ABOUT THIS EXERCISE ▸
The lines running from the one that contains "Partydeco Folienballon Zahl 5 hellblau" to the end of the records below are what to reproduce, exactly and without pictures.

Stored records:
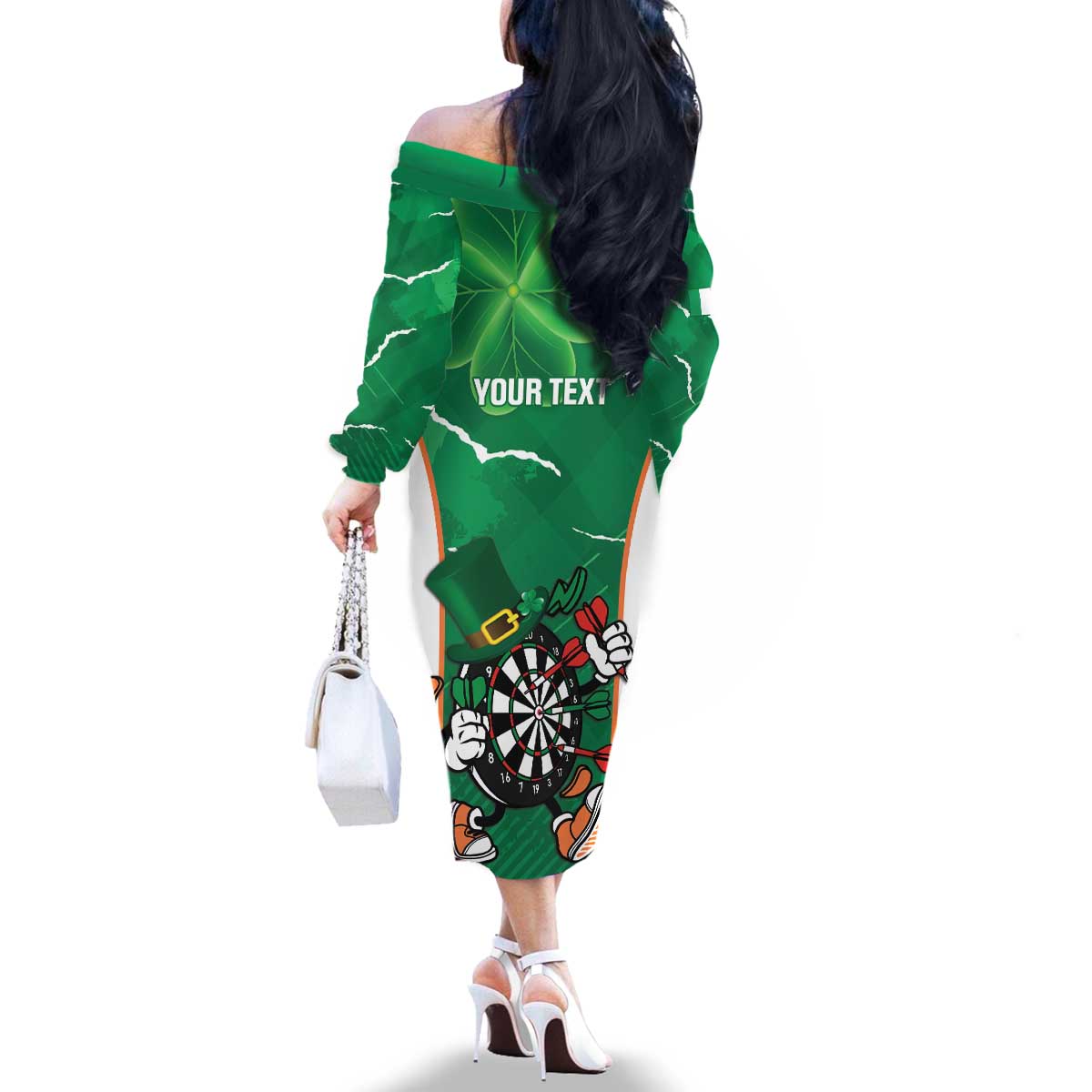 Personalised Ireland Darts Family Matching Off The Shoulder Long Sleeve Dress and Hawaiian Shirt Irish Dartboard Mascot Shamrock Pattern - Wonder Print Shop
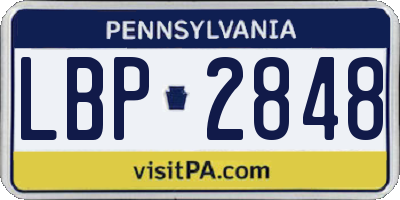 PA license plate LBP2848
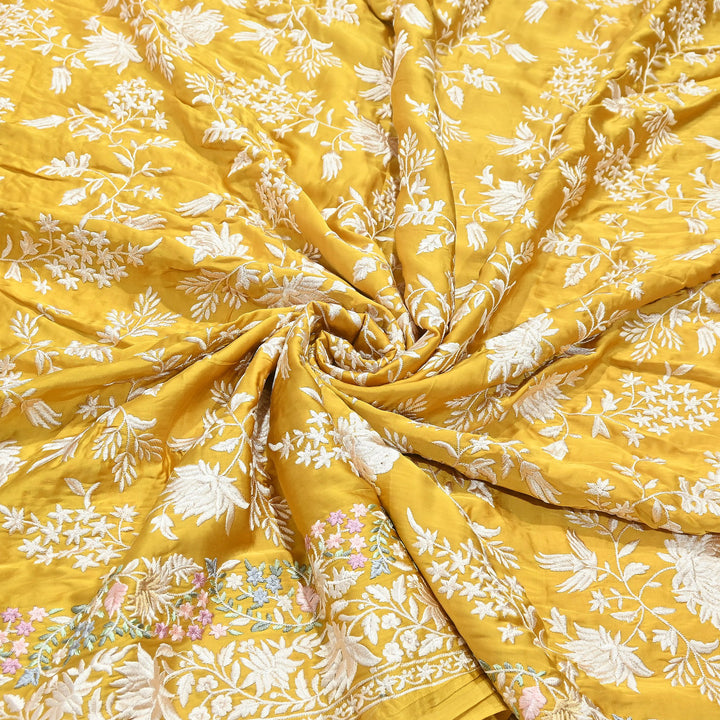 Modal Satin Parsi Embroidery Fabric 44" – Designer Floral Thread Work Fabric - F73498-3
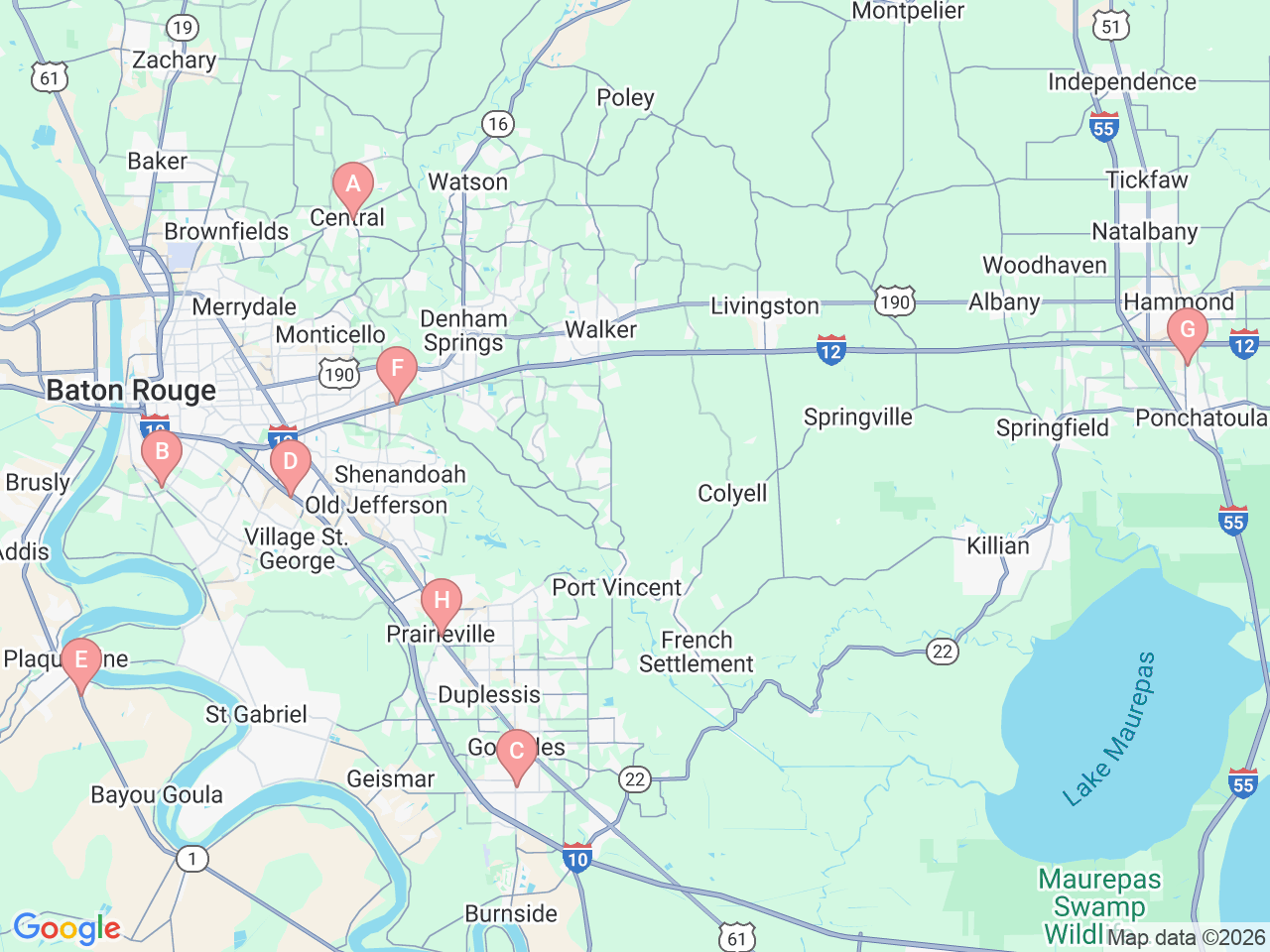 Map of Ochsner-affiliated facilities that provide services related to Orthopedics: Baton Rouge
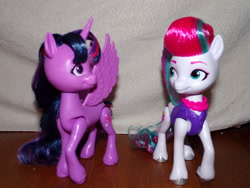 Size: 4608x3456 | Tagged: safe, twilight sparkle, zipp storm, alicorn, g4, g5, doll, duo, duo female, female, g4 to g5, generation leap, indoors, photo, toy, twilight sparkle (alicorn)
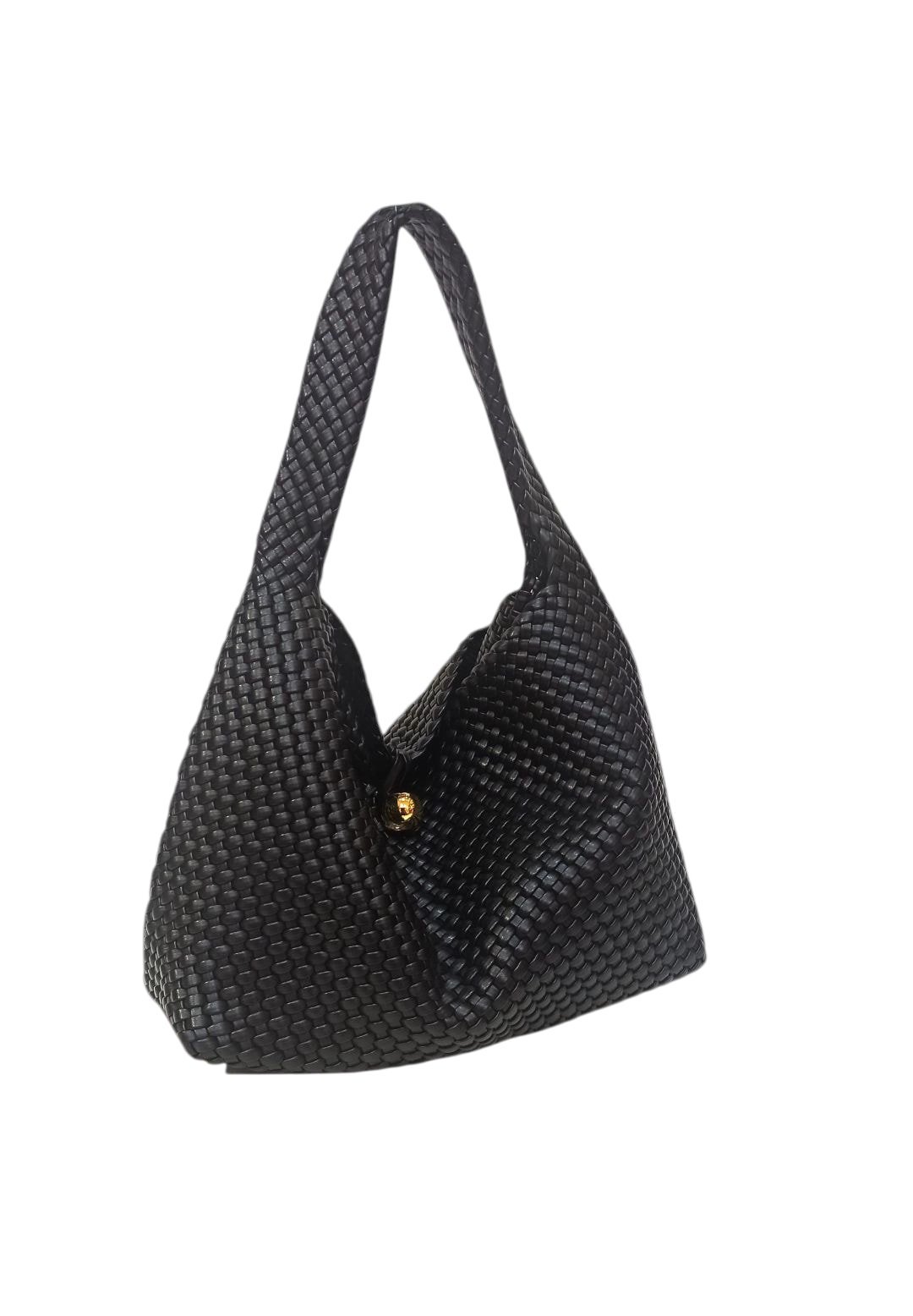 Siyah  Yumuşak  İtalyan  Örgülü Çanta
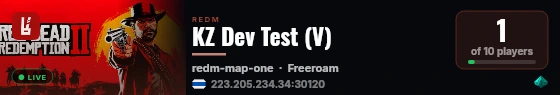 KZ Dev Test (V) live status badge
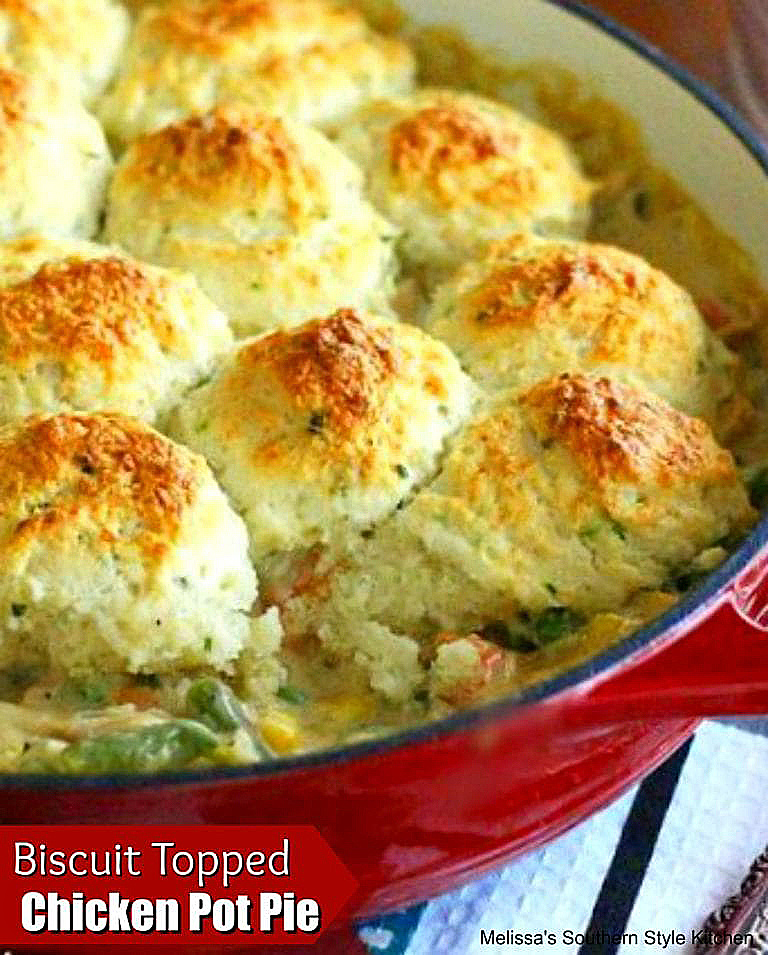 Biscuit Topped Chicken Pot Pie baked in a skillet 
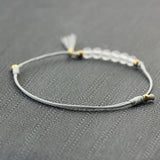 Women Elegant Bracelet Tassel Handmade Minimalist Hand String With Natural White Crystal Stone Beads 4mm Bracelets Adjustable - GQTORCH Jewelry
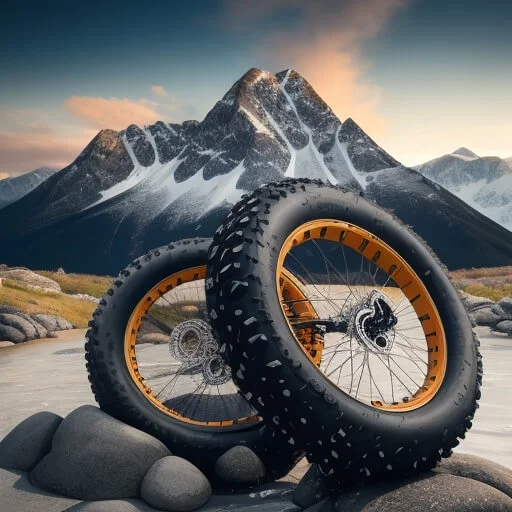 Fat bike tyres on bike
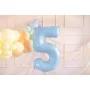 Partydeco Folienballon Zahl 5 hellblau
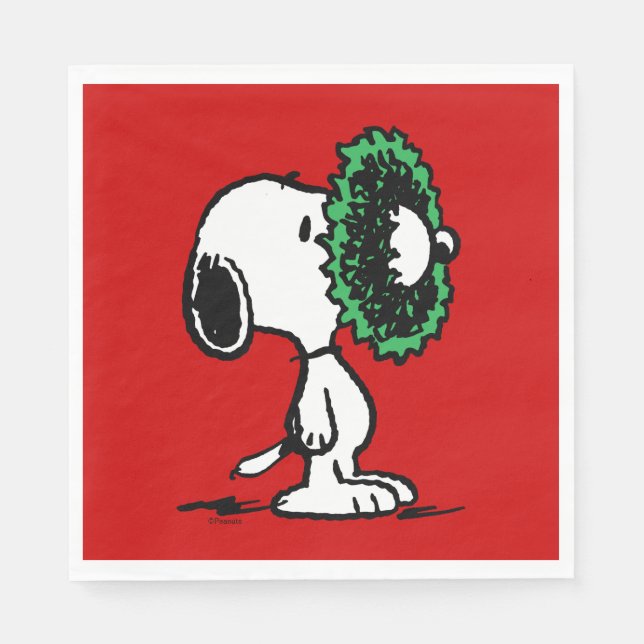 Serviette En Papier cacahuètes | Snoopy pour les fêtes (Devant)
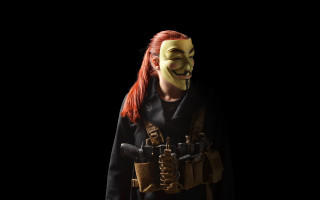 Woman mask gun dystopian armor - neoism free wallpaper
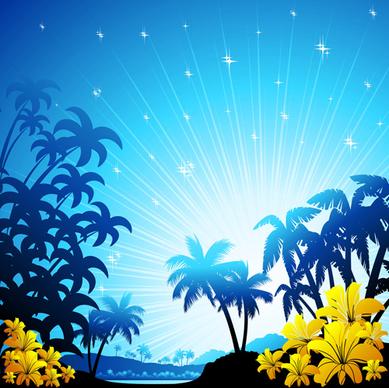 beautiful tropic landscape vector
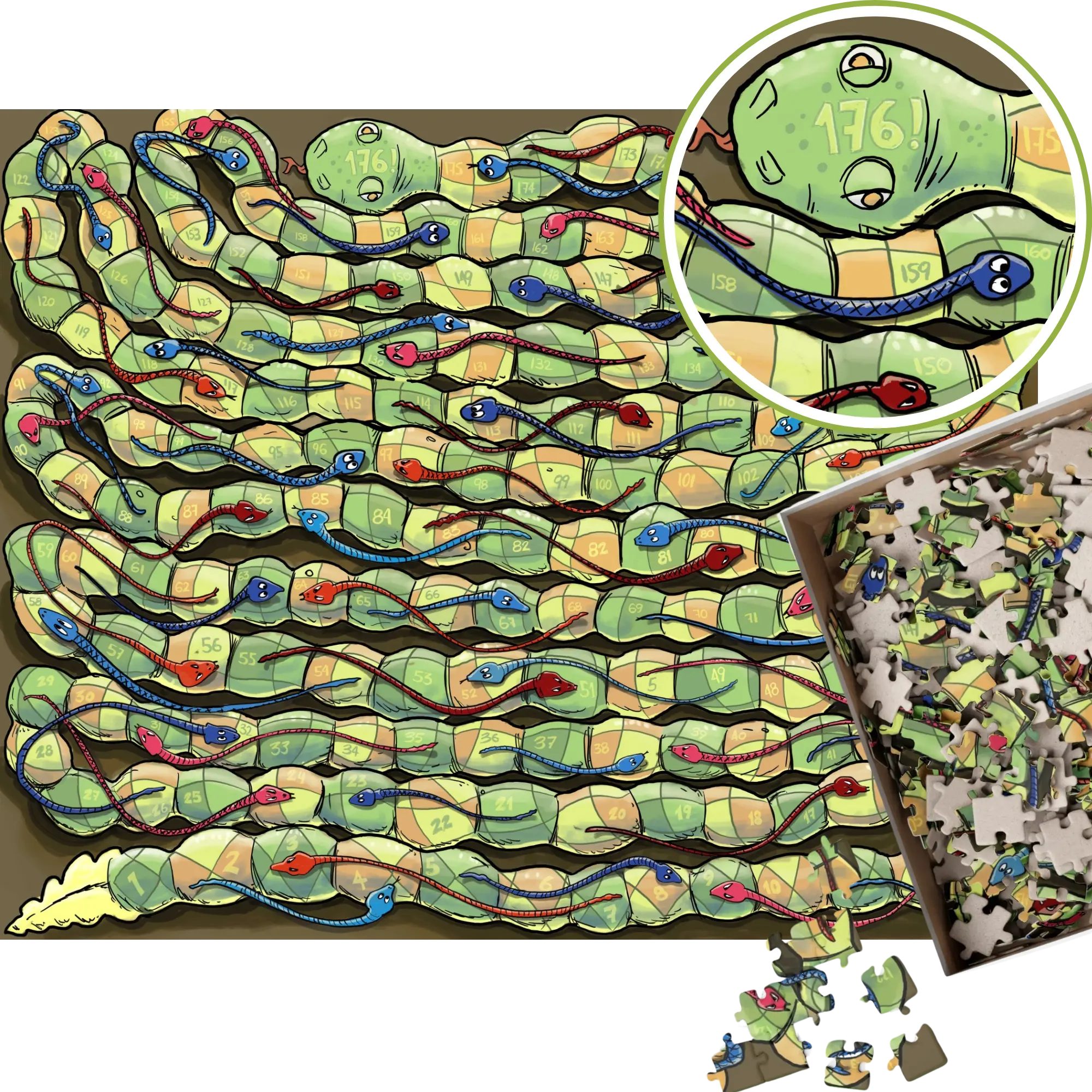 Serpent's Path: 2-in-1 Puzzle & Board Game Adventure - 520 pieces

SOLUTION BELOW ▸
 Partydeco Folienballon Zahl 5 hellblau
 Serviette En Papier cacahuètes | Snoopy pour les fêtes (Devant)
 Woman mask gun dystopian armor - neoism free wallpaper
 beautiful tropic landscape vector
 Serpent's Path: 2-in-1 Puzzle & Board Game Adventure - 520 pieces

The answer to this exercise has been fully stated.